Transcribe exactly, and only, the lines that fall between the line containing "Sony Wireless Head-band" and the last line of the material, both ends included, omitting any pictures.

**PROVIDED ENTRIES**
************
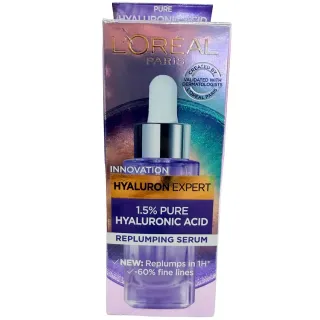 LOREAL FACE SERUM SKN EXPRT HYALURN 30ml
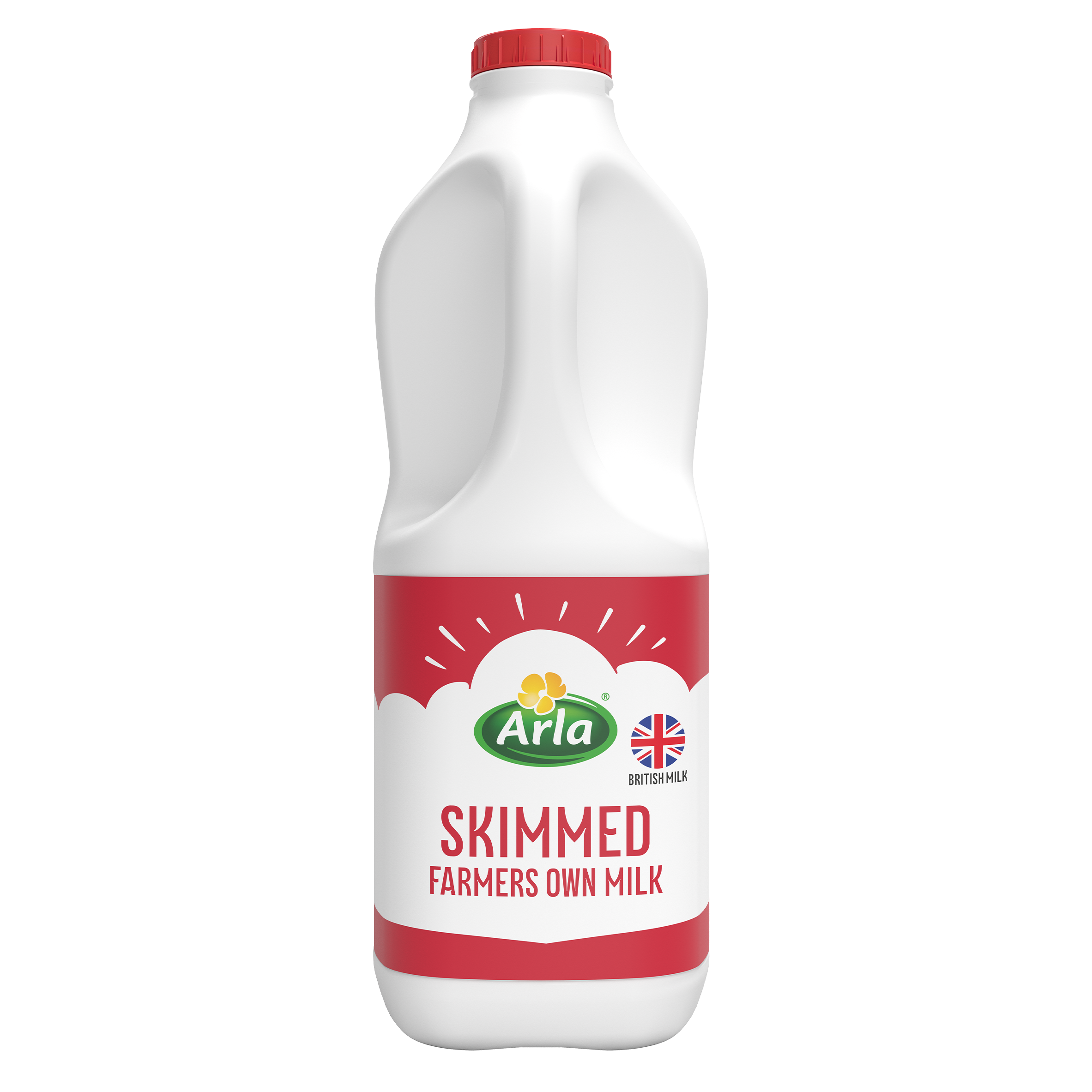 Arla Skimmed Milk 4pt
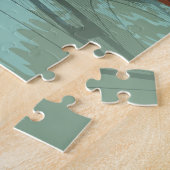 Puzzle Dirigeable souple (Côté)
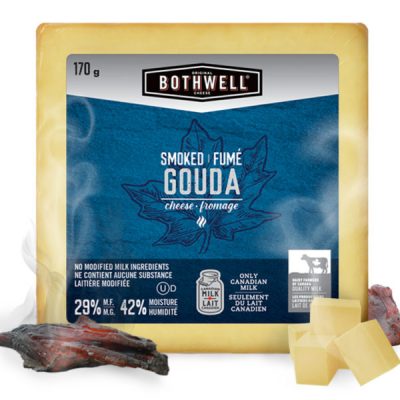 Bothwell Smoked Gouda Cheese All Products Cheese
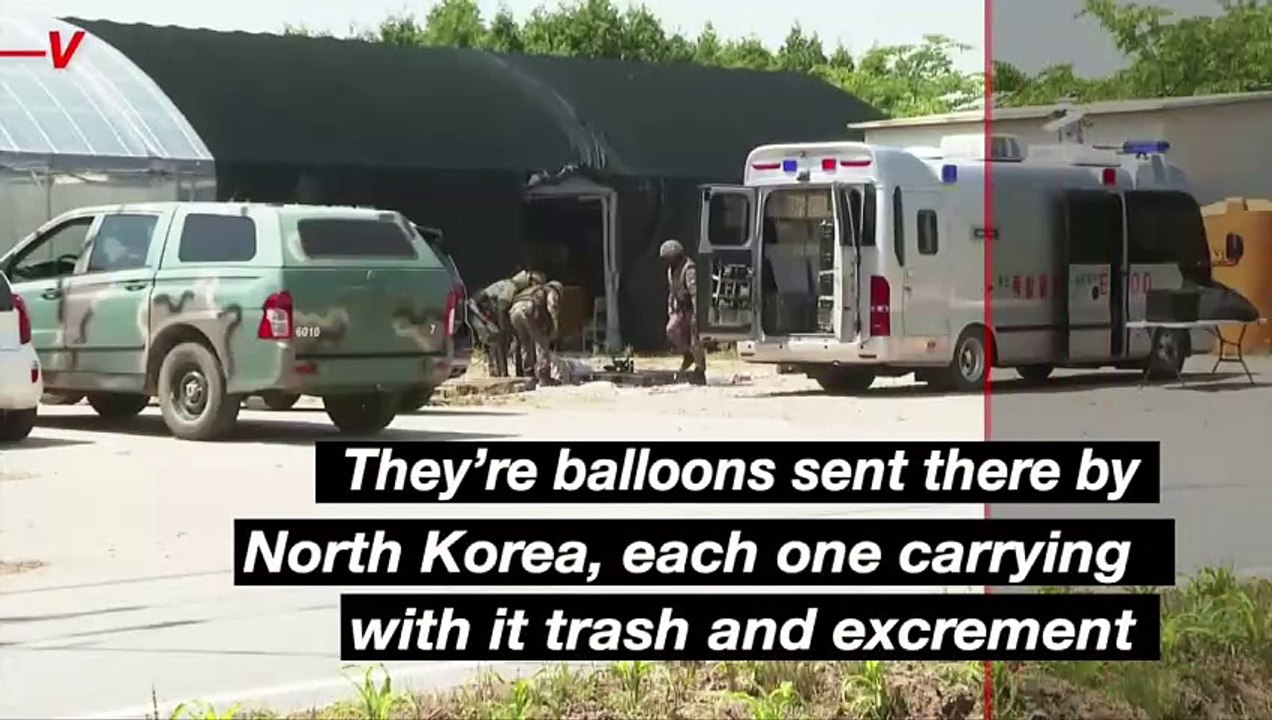 South Korean Activists Send Anti-DPRK Leaflets and USB Drives Towards North Korea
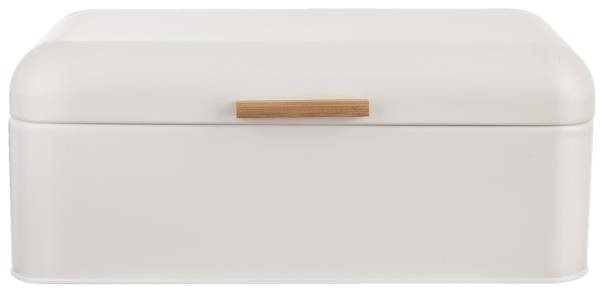 Orion Kenyértartó fém/bambusz 42x24x16,5 cm WHITELINE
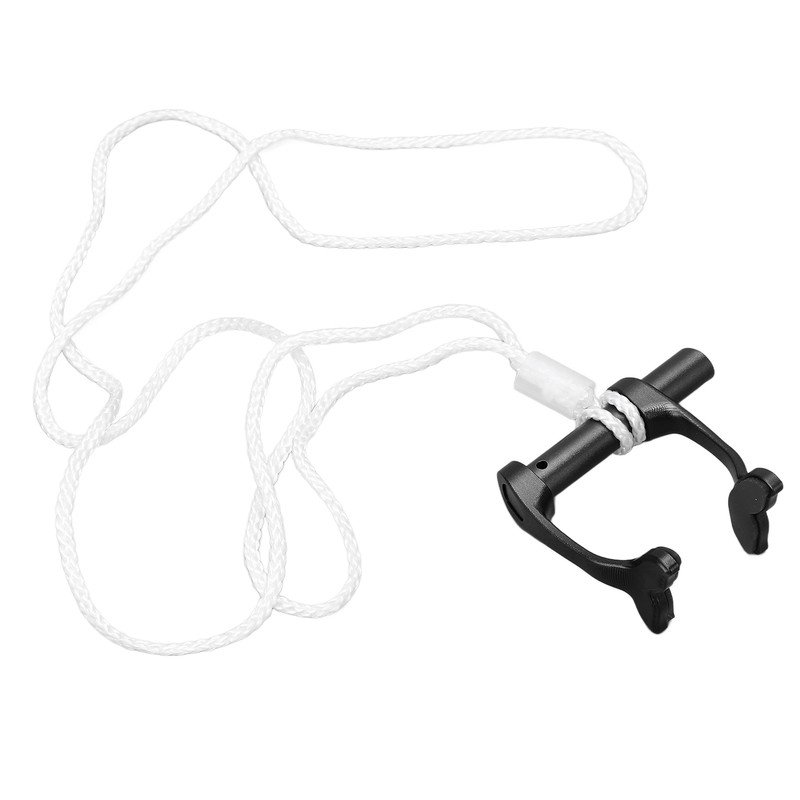 Freediving Nose Clip Swimming Nose Plugs with Anti Lost Strap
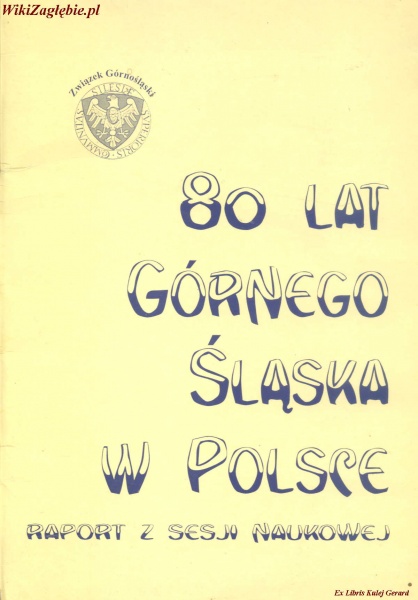 Plik:80 lat Górnego Śląska w Polsce.jpg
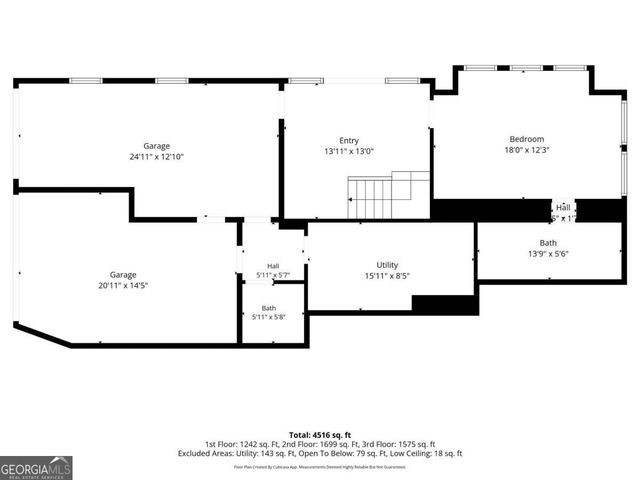 4250 Carmain Drive NE, Atlanta, GA 30342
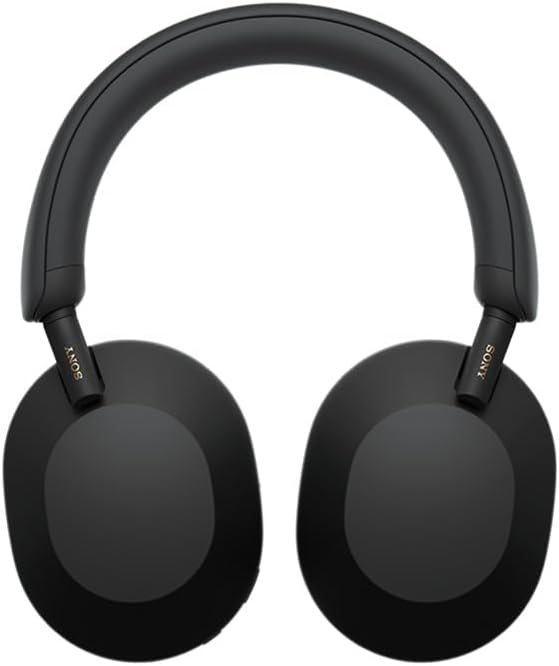 Sony Wireless Head-band Calls/Music Bluetooth Headset | WH1000XM5B.CE7 Headset Sony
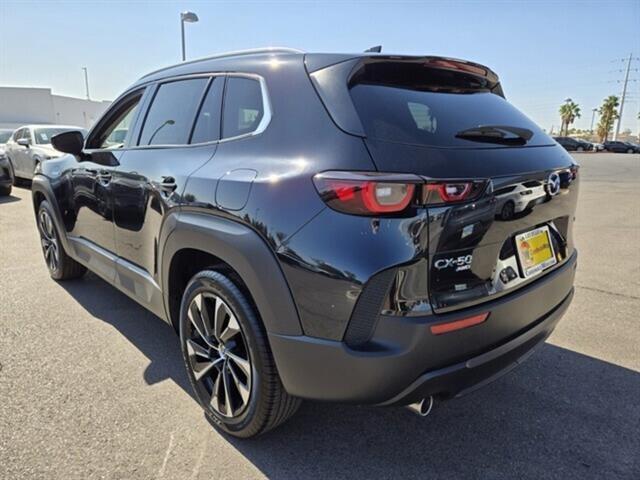 2025 Mazda CX-50 Hybrid Premium Plus Package Las Vegas NV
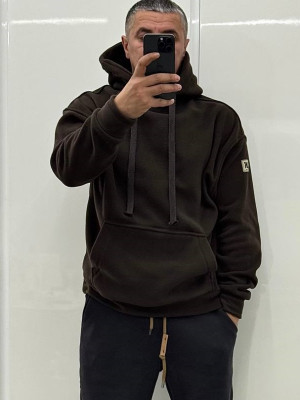 Мужское оверсайз худи PRAT-A7002T500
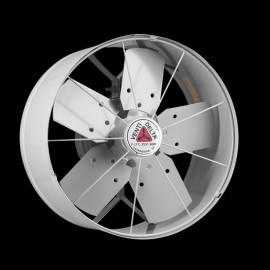 Ventidelta Exaustor 30cm 220v Cinza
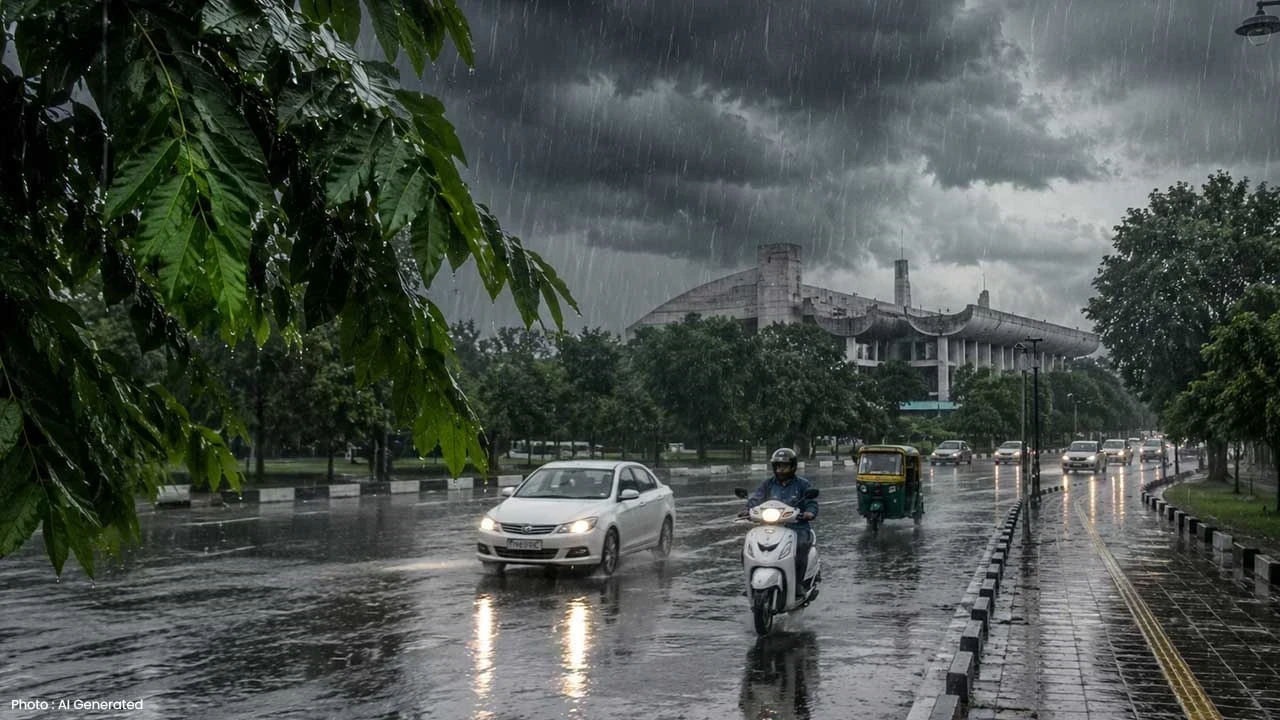 Punjab Weather Update: ਪੰਜਾਬ-ਚੰਡੀਗੜ੍ਹ ਵਿੱਚ 27-28 ਜੂਨ ਨੂੰ ਭਾਰੀ ਮੀਂਹ ਦਾ ਅਲਰਟ, ਤਾਪਮਾਨ 5 ਡਿਗਰੀ ਤੱਕ ਡਿੱਗਣ ਦੀ ਸੰਭਾਵਨਾ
************
**RESPONSE TO THIS TASK**
 Sony Wireless Head-band Calls/Music Bluetooth Headset | WH1000XM5B.CE7 Headset Sony
 2025 Mazda CX-50 Hybrid Premium Plus Package Las Vegas NV
 Мужское оверсайз худи PRAT-A7002T500
 Ventidelta Exaustor 30cm 220v Cinza
 Punjab Weather Update: ਪੰਜਾਬ-ਚੰਡੀਗੜ੍ਹ ਵਿੱਚ 27-28 ਜੂਨ ਨੂੰ ਭਾਰੀ ਮੀਂਹ ਦਾ ਅਲਰਟ, ਤਾਪਮਾਨ 5 ਡਿਗਰੀ ਤੱਕ ਡਿੱਗਣ ਦੀ ਸੰਭਾਵਨਾ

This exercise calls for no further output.